Center frame, behind the boats: the barges:

Photobucket

Live music was streaming from the Hatch Shell concert. Across the river, the geeks at MIT turned this building into a giant musical display, sort of like the "visualizations" MP3 players provide. Each window was one pixel.

Photobucket

It was dark, and my camera's video capabilities are an afterthought, but this poorly-exposed video clip will give you the idea. Note also the lightning in the background.

It was full dark now, both from the hour, and from the thickening clouds. All the remaining shots are 4-second time exposures.

Photobucket

Photobucket

Some of the party boats were very festive:

Photobucket

The banks of the Charles were packed.

Photobucket

The lightning was getting very close; individual cloud-to-ground strokes were visible in the middle distance. It became a show in its own right; people Ooooo'd and Ahhhhh'd and clapped after each bolt.

I was watching the storm radar on my smartphone, and the edge of a bright red cell was approaching. It wasn't promising.

I took some more time exposures of the city.

Photobucket

Photobucket

A short while later, the National Guard came across the bridge and politely asked everyone to leave. They explained that fireworks were being postponed due to the danger of the barge being struck by lightning; and our location on a steel bridge over open water was not the safest spot imaginable.

The storm was closing in, but not yet there. I opted to stay for a while. So did most others.

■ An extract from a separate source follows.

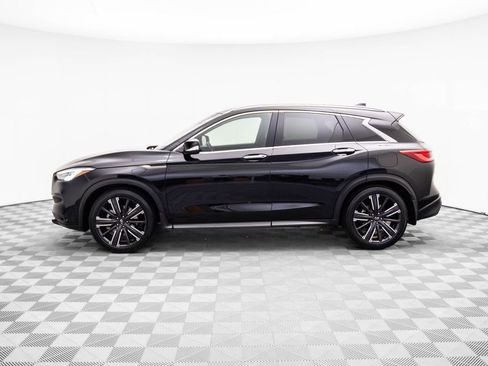 Used 2021 INFINITI QX50 Luxe w/ Appearance Package image 3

Then the less-polite State Police came though ordered everyone off the bridge. No choice in the matter.

I took one last shot:

Photobucket

There was mass confusion. I found out later that the people who were actually in the enclosed area in front of the Hatch Shell --- some had been there 12 hours --- were evacuated to a traffic tunnel on the closed Storrow Drive. People under the trees along the riverbanks were left to their own devices. But with no place to shelter, most of us on the bridge --- multiple thousands --- just left.

The fireworks were nationally televised, so network commitments made the organizers loathe to postpone: once the lightning-active cell passed, the people in the Storrow Drive tunnel were let back out, and the concert restarted.

I got home just before the rain. After a while, I could hear the fireworks from my apartment, but the attendees had been evacuated again, and the live music stopped again. For the TV feed audio, they used recordings from the previous day's rehearsals.

Ah well. Maybe next year.

At least I got some nice city shots from the outing. :)

Photobucket album.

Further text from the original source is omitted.